[THE TASK]
Up to and including the line with "2343 Hale Ave, Louisville, KY 40210", return every line from the start of the entries below exactly.
*** Opening of TASK MATERIAL ***
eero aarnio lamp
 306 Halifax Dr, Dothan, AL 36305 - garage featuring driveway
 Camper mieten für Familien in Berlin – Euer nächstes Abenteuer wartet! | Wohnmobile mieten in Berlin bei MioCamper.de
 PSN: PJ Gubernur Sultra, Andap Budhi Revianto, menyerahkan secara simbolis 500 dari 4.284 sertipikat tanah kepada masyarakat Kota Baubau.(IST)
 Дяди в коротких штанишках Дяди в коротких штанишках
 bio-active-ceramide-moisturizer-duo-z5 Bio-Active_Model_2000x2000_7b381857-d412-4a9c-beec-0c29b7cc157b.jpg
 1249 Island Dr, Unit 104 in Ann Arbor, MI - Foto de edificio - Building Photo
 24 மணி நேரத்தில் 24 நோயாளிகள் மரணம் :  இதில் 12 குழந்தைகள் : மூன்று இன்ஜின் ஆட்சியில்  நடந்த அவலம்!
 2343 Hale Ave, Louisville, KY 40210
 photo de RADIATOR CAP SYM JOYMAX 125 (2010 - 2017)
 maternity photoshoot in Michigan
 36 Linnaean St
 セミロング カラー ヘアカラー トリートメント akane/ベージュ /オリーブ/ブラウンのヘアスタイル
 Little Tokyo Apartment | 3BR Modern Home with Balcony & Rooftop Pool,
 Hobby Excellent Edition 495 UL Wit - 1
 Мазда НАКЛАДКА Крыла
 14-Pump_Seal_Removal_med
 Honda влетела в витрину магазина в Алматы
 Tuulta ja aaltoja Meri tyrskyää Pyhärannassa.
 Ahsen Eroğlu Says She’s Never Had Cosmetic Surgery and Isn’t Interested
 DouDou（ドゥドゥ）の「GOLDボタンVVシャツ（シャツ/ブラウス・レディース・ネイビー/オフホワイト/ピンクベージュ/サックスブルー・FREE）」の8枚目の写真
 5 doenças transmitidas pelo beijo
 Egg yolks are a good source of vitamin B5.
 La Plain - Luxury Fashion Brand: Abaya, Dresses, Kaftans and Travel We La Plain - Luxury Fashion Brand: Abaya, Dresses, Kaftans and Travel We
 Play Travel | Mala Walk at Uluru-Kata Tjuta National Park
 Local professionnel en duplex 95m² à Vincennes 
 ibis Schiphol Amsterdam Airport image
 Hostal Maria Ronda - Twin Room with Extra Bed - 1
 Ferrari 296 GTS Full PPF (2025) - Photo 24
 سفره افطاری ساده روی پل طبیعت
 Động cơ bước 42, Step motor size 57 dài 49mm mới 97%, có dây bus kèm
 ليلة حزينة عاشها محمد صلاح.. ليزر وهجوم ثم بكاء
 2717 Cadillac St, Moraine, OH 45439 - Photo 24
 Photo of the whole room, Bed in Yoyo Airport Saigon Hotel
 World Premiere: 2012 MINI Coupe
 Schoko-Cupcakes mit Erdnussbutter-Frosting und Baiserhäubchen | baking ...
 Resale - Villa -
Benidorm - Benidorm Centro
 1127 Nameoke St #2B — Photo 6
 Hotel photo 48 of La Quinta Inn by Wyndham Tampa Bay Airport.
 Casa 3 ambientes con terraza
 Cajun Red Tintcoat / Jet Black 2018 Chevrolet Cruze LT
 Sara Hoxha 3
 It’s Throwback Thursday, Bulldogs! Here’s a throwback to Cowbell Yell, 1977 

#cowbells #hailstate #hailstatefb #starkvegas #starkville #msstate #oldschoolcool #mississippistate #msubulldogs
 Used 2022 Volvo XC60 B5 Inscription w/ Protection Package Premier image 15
*** Close of TASK MATERIAL ***
[EXPECTED ANSWER]
eero aarnio lamp
 306 Halifax Dr, Dothan, AL 36305 - garage featuring driveway
 Camper mieten für Familien in Berlin – Euer nächstes Abenteuer wartet! | Wohnmobile mieten in Berlin bei MioCamper.de
 PSN: PJ Gubernur Sultra, Andap Budhi Revianto, menyerahkan secara simbolis 500 dari 4.284 sertipikat tanah kepada masyarakat Kota Baubau.(IST)
 Дяди в коротких штанишках Дяди в коротких штанишках
 bio-active-ceramide-moisturizer-duo-z5 Bio-Active_Model_2000x2000_7b381857-d412-4a9c-beec-0c29b7cc157b.jpg
 1249 Island Dr, Unit 104 in Ann Arbor, MI - Foto de edificio - Building Photo
 24 மணி நேரத்தில் 24 நோயாளிகள் மரணம் :  இதில் 12 குழந்தைகள் : மூன்று இன்ஜின் ஆட்சியில்  நடந்த அவலம்!
 2343 Hale Ave, Louisville, KY 40210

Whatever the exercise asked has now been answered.